Trade groups sue CFPB for reducing late fee charges

The Consumer Financial Protection Bureau released a finalized rule on March 5 that caps consumer credit card fees at $8 per incident. In response, some trade groups filed a federal lawsuit two days later seeking a preliminary injunction against the rule. 

The Consumer Financial Protection Bureau released a finalized rule on March 5 that caps consumer credit card fees at $8 per incident. 

The rule applies to credit card issuers with more than 1 million open accounts. According to the CFPB, the rule will limit fees that currently cost American families more than $14 billion annually and save them more than $10 billion in annual late fees. 

The CFPB ended automatic inflation adjustments unless issuers prove that doing so is necessary to collect on costs incurred by late fees, after finding that many issuers had been increasing their late fees without providing evidence of increased costs. Credit card companies will still be allowed to reduce credit lines, raise interest rates and take other actions to prevent late fees. 

The CFPB sees the late fees as adding onto “other punitive measures credit card companies impose on consumers who miss payments, including extra interest charges, loss of their grace period, negative credit reporting, reductions in their credit limit, and a higher interest rate on future purchases.

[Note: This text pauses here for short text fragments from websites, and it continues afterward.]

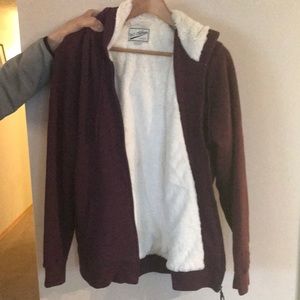 Plush, purple hoodie jacket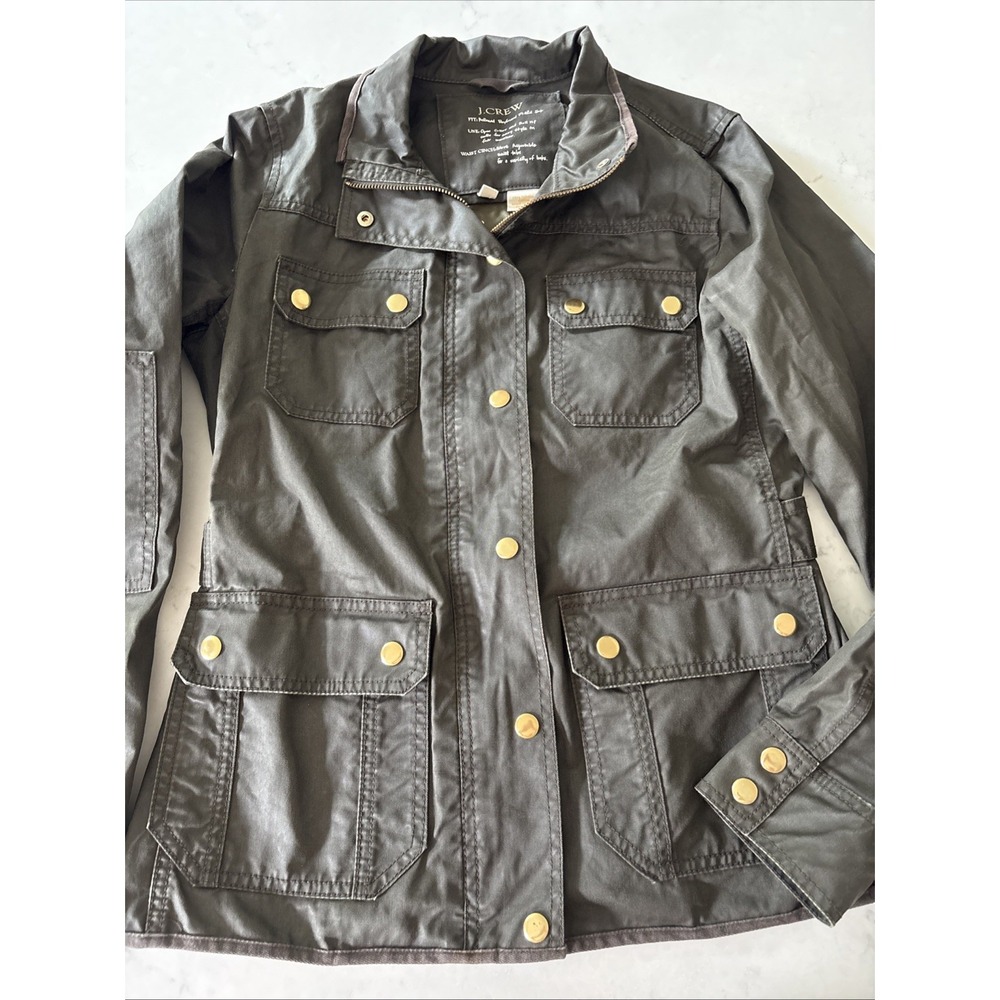 J Crew Relaxed Boyfriend Field Jacket Barn Cotton Utility Coat S Army Military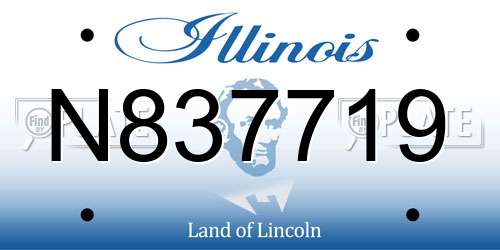 N837719 Illinois License Plate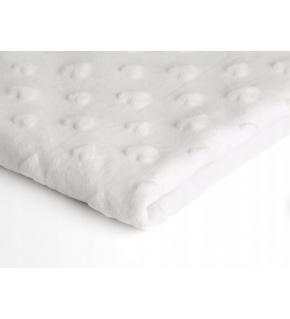 Minky fabric with hearts, 320 g/m², width 160 cm, by the meter, white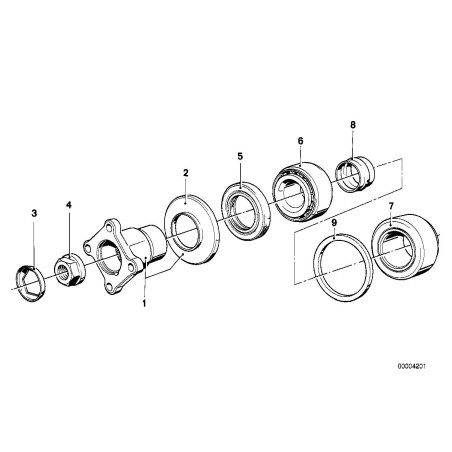 Manchon d'écrasement de l'arbre de pignon de différentiel - Pièce d'origine BMW 33121744368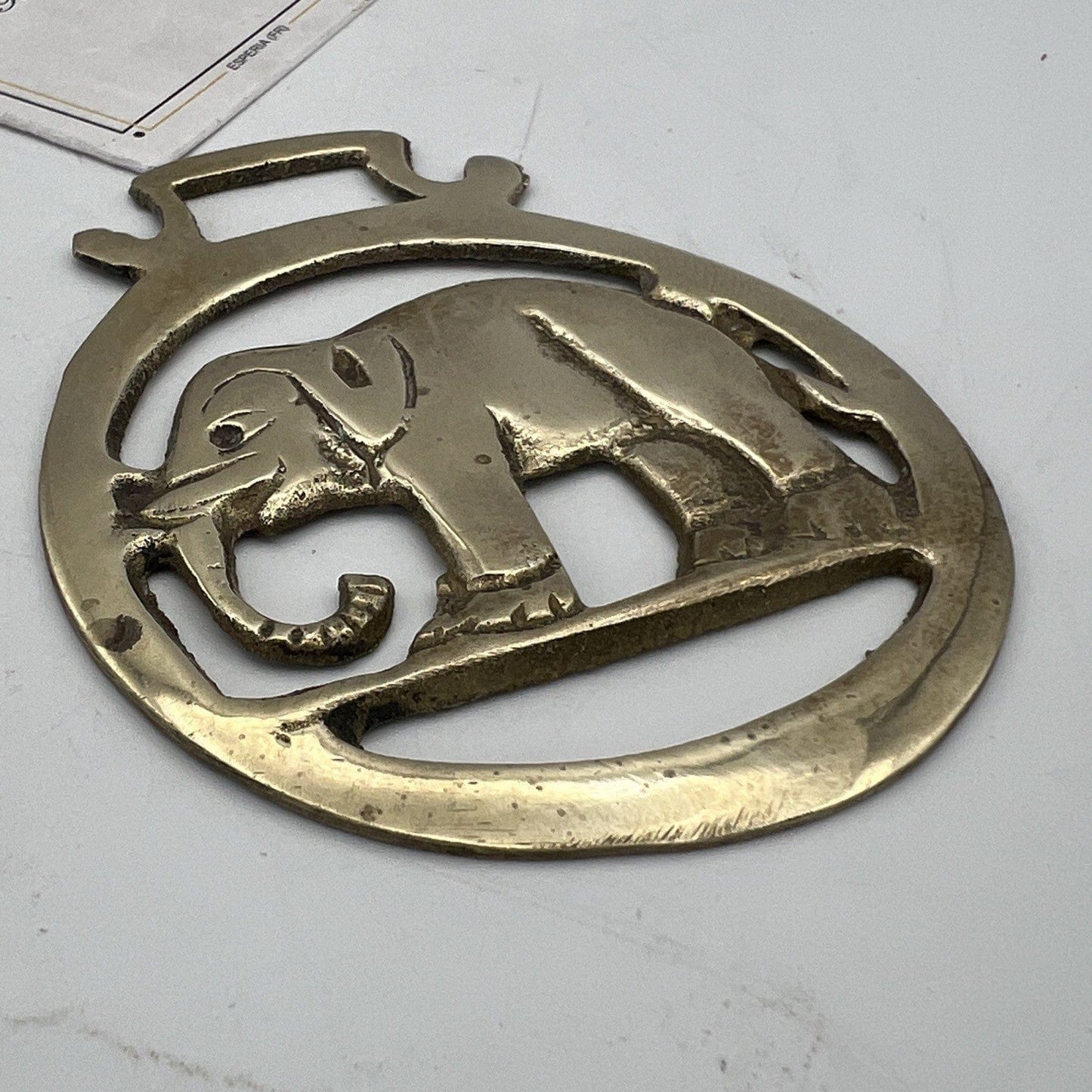Antico fregio in ottone bronzo decorativo Finimento epoca Elefante Inglese 900 Categoria Finimenti per cavalli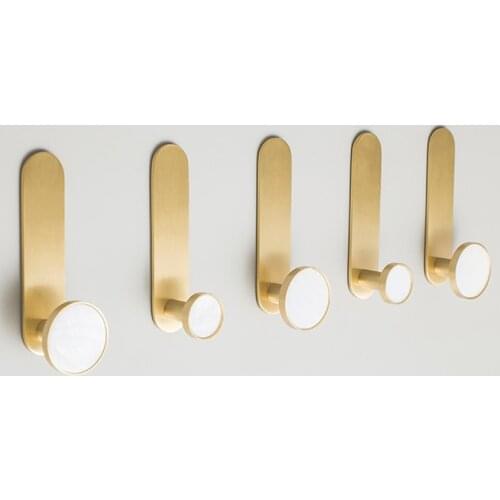 Nordic creative design brass decoration nail free hook hole free toilet hook porch door clothes hook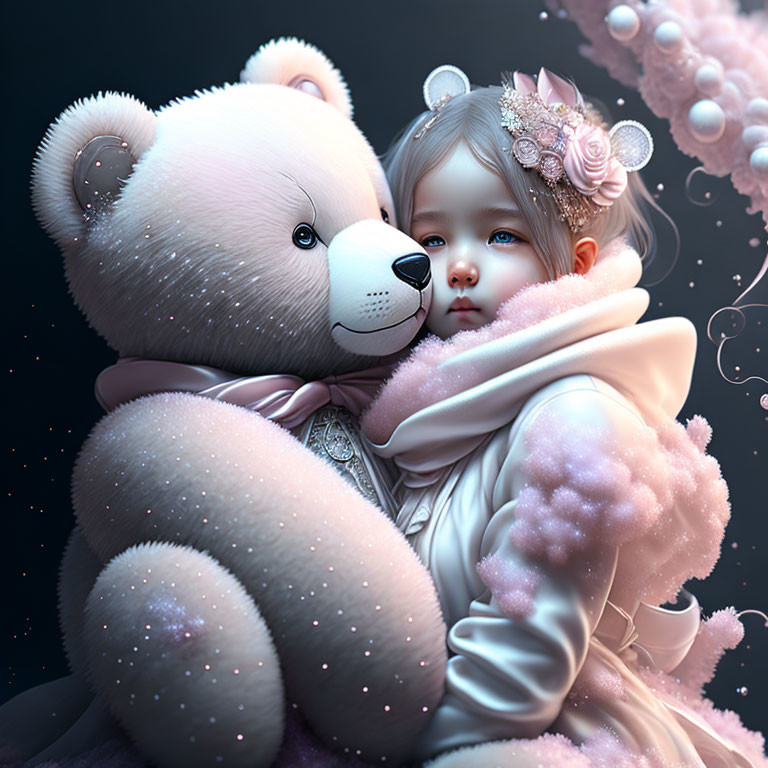 Young girl with floral headpiece hugging plush teddy bear in soft pink and blue setting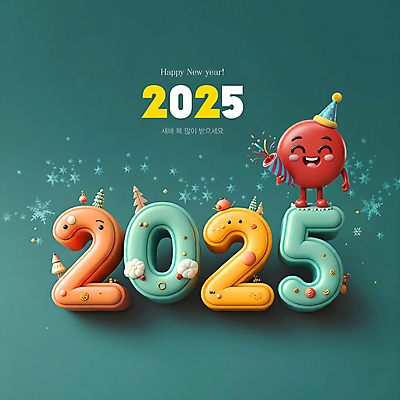 PSD 나무 편집이미지 캐릭터 새로움 새해 폭죽 사람없음 3D 고깔모자 눈송이 2025년 을사년 이미지편집 편집3D 식물 모자_잡화 컨셉 눈_날씨 연도 디지털합성 파일형식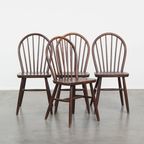 Set Van 4 Vintage Houten Spijlen Windsor Stoelen Uit De Jaren ’70 In Engelse Stijl thumbnail 2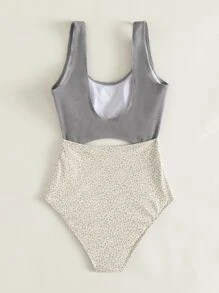 SHEIN Swim Phụ nữ một mảnh Cắt ra Khối Màu Thể thao - Nhiều màu - Xem 2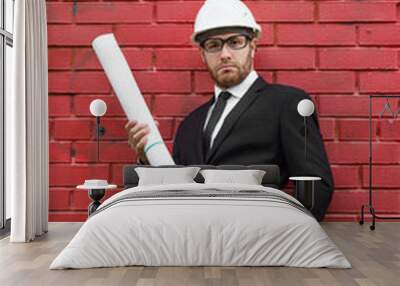 serious inspector drawing engineer industrial contractor Wall mural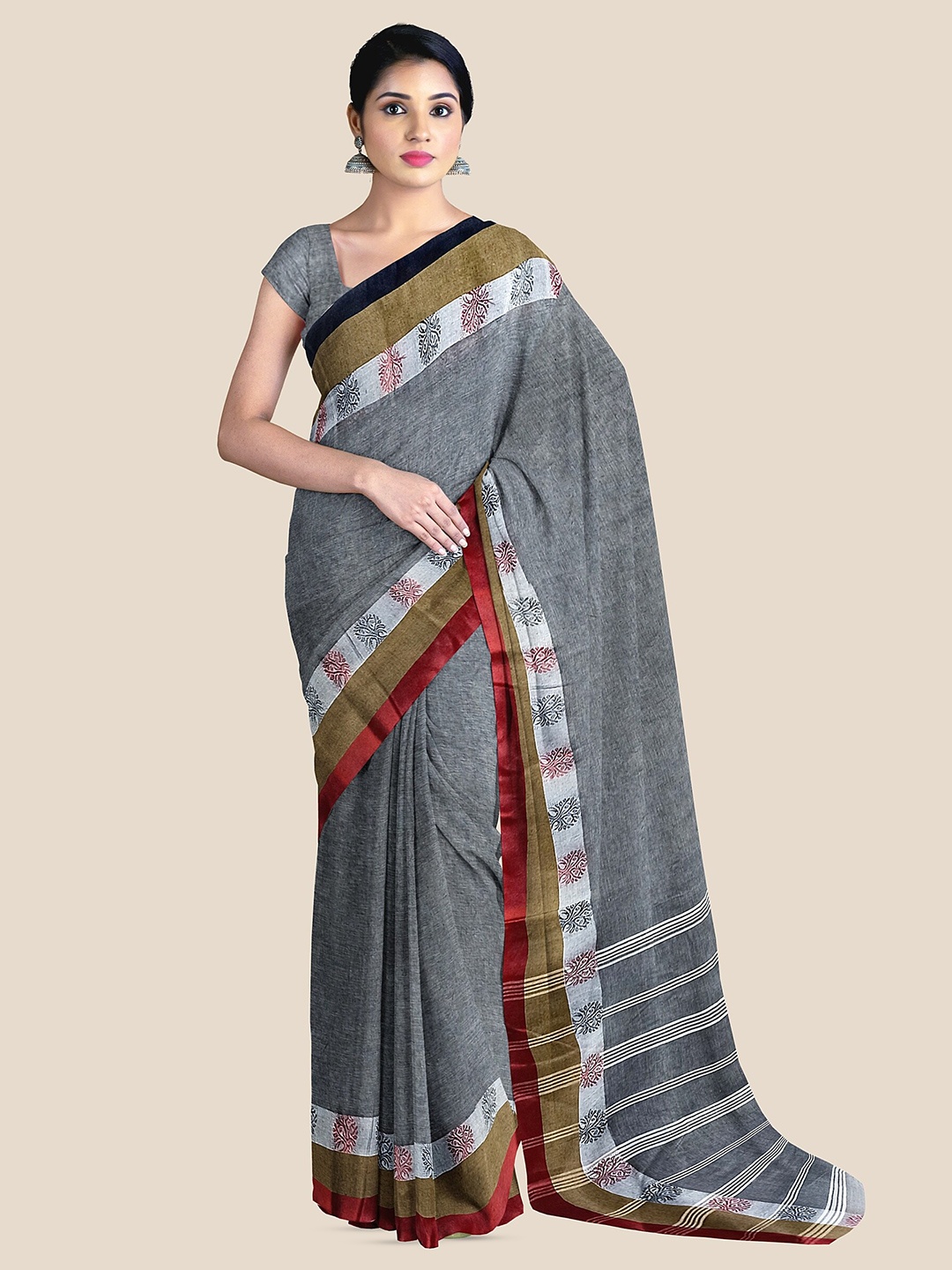 

The Chennai Silks Pure Cotton Taant Saree, Grey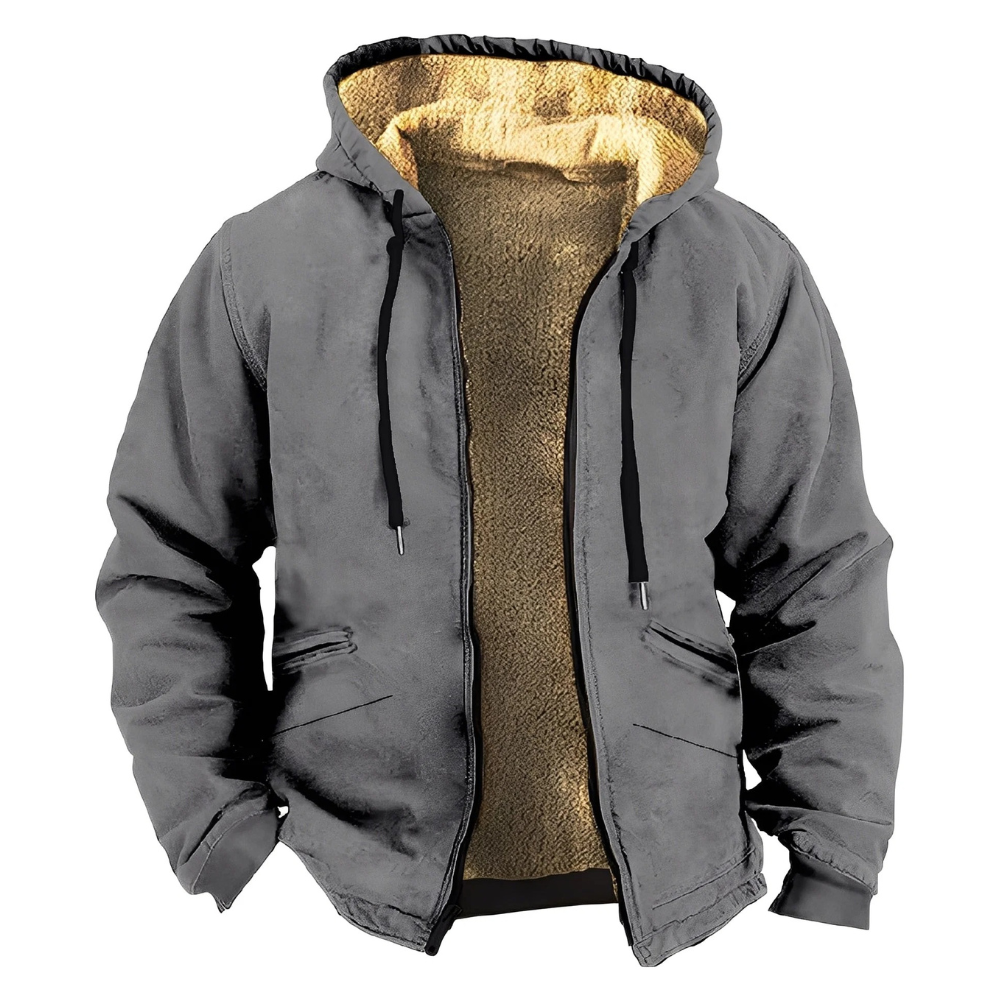 Men's Sherpa Lined Aztec Print Zip Hoodie Gray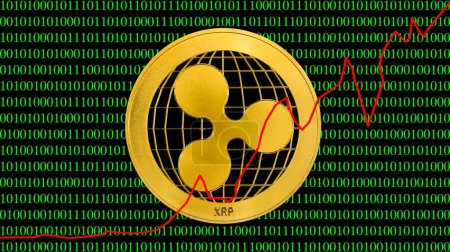 Symbol image Cryptocurrency, digital currency, golden coin ripple with binary code and quotation, background image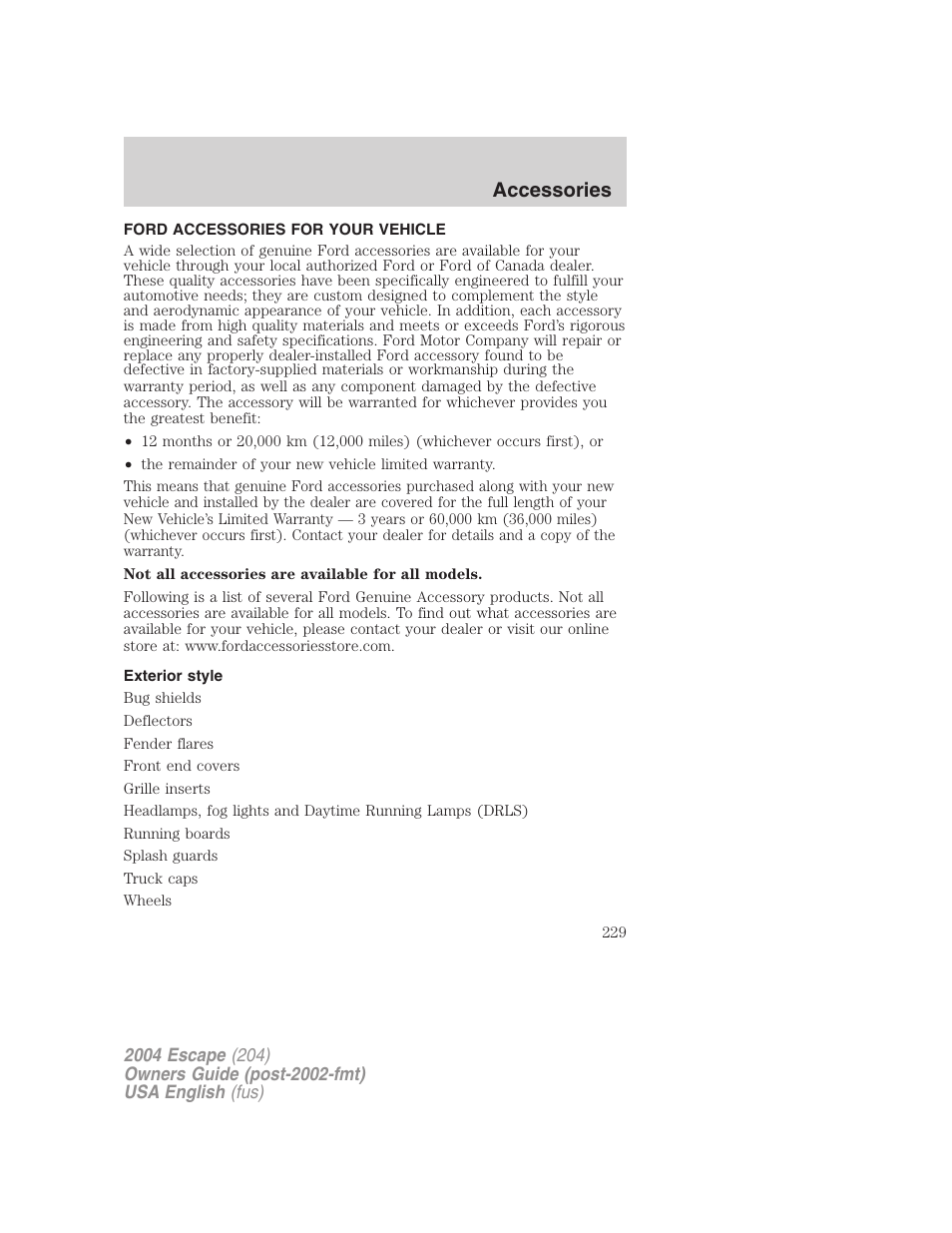 Accessories | FORD 2004 Escape v.1 User Manual | Page 229 / 240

 “For over a decade, credit card giants have been exploiting a loophole to harvest billions of dollars in junk fees from American consumers,” said CFPB Director Rohit Chopra. “Today’s rule ends the era of big credit card companies hiding behind the excuse of inflation when they hike fees on borrowers and boost their own bottom lines.”

 

Trade groups announce lawsuit 

The American Bankers Association, U.S. Chamber of Commerce, Consumer Bankers Association and three Texas-based Chambers of Commerce filed a federal lawsuit two days later seeking a preliminary injunction against the rule. 

The lawsuit, filed March 7 in the Northern District of Texas, alleges the CFPB exceeded its statutory authority and provided flawed reasoning and analysis to secure a desired outcome. ABA President and CEO Rob Nichols said the rule “would result in more late payments, increased debt, reduced credit access and higher APRs for all consumers — including the vast majority of cardholders who pay on time each month. 

The ABA filed a separate lawsuit last month against the Federal Reserve, FDIC and Office of the Comptroller of the Currency, after federal regulators allegedly exceeded their statutory authority during recent updates to the Community Reinvestment Act.   

“Once again, we have reluctantly been forced to sue a federal regulator because the CFPB has ignored industry and other stakeholder comments demonstrating that this rule exceeds the bureau’s statutory authority and will hurt rather than help consumers,” Nichols added. “This rule is about politics, not policy, and we look forward to the court’s review.” 

CBA President and CEO Lindsey Johnson said the policy is “at best, consumer redistribution, not consumer protection. Equally concerning is that this rule continues the CFPB’s deeply problematic practice of rushing to prioritize headlines at the expense of legal process. But this time they’re also endangering consumers’ long-term financial health.”  

After the rule was finalized, Independent Community Bankers of America President and CEO Rebeca Romero Rainey said she “remained concerned” that consumers could incur more late payments and additional interest charges due to regulators signaling that credit card payments are not their top priority.  

“While we generally oppose regulatory efforts to regulate the free market and set prices that interfere with competition and consumer choice, relationship-based community banks offer credit cards as a service to their customers under contracts voluntarily entered into by these consumers and are rightly not targeted by today’s rulemaking,” Romero Rainey said.